High-Level Overview#
This chapter contains a very high-level overview of the topics discussed in this book. It serves both as an introduction for this book as well as a standalone text for those who don’t care about technical details but want to get a general feel for the field.
Executive Summary#
First of all, Large Language Models are next token predictors.
What do we mean by that? At its core, you give an LLM a text and it predicts the next token. A token is basically just a part of a text (for example a token might be “an” or “123” or “this” or “th”).

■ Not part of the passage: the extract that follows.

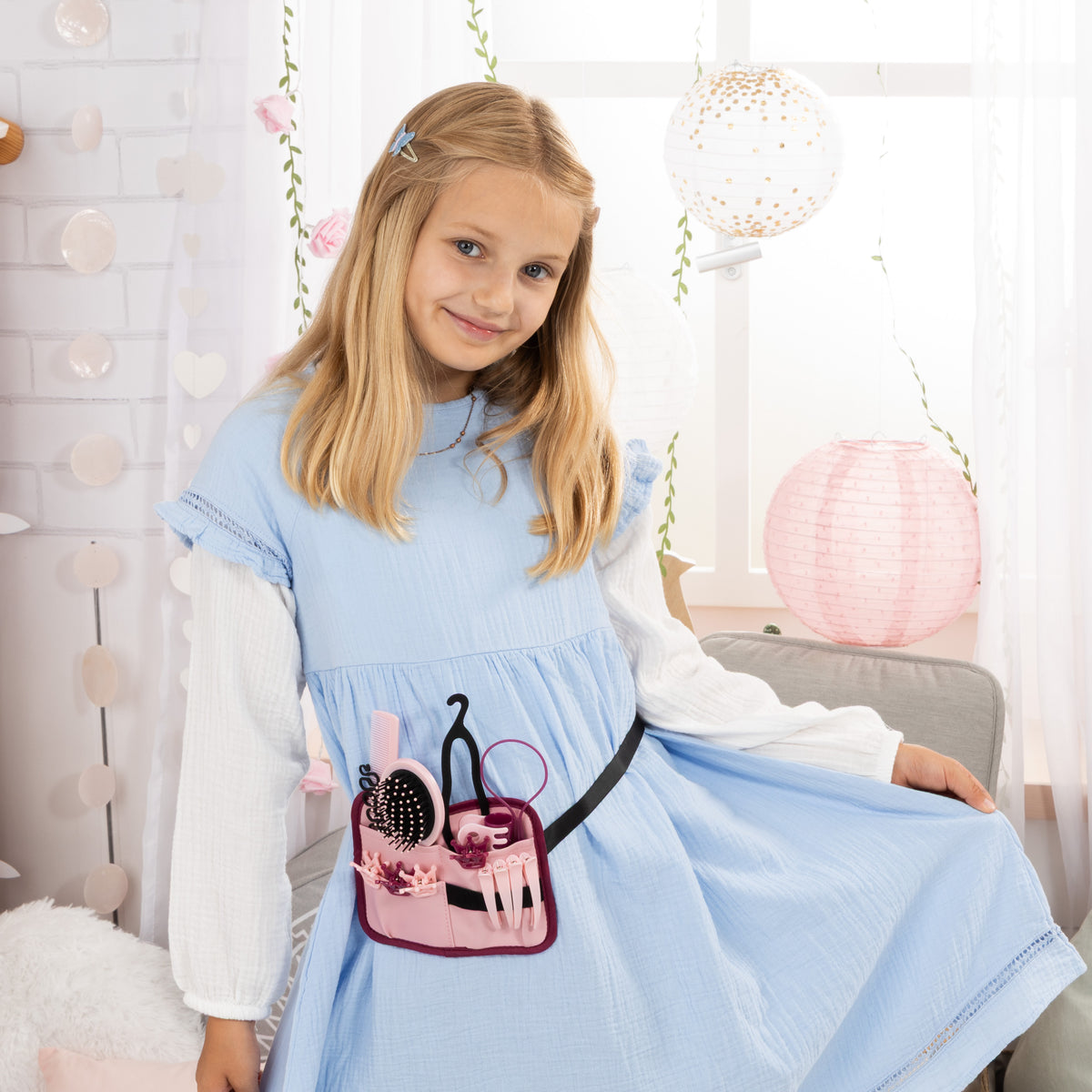 Child holding a hair styling tool pouch with brush and comb accessories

For example, the input text could be the text “What is a Large Language”. Then the LLM might predict that the next token should be “ Model”. The resulting text would then be “What is a Large Language Model”.
However, if you’ve ever talked to something like ChatGPT, you know that LLMs don’t just give the next token but instead respond with complete texts. How do they do that?
The answer is embarrassingly simple - LLMs generate texts one token at a time.
Again, let’s say that the text to be completed is “What is a Large Language”.
The LLM might predict “ Model” as the next token. Now you would take the text together with the next token (“What is a Large Language Model”) and feed it into the model again, asking it to predict the next token which might be “?”. You can now again take the text together with the next token (“What is a Large Language Model?”) and feed it into the model.
This process continues until either a maximum number of tokens has been reached or the predicted token is a special EOS (end of sequence) token which basically stands for “this sequence is over, stop generating”. For example, if upon feeding the text “What is Large Language Model?” the model predicts the EOS token as the next token, the generation would end.
Ok, so LLMs complete texts by repeatedly predicting the next token. But how do they predict the next token? To adequately explain that, we need to introduce a concept called “embeddings” first.
It’s Numbers All The Way Down#
LLMs consist of mathematical functions (more on this later). Mathematical functions tend to work with numbers instead of texts, so to apply functions to texts, we usually need to convert the texts to numbers first.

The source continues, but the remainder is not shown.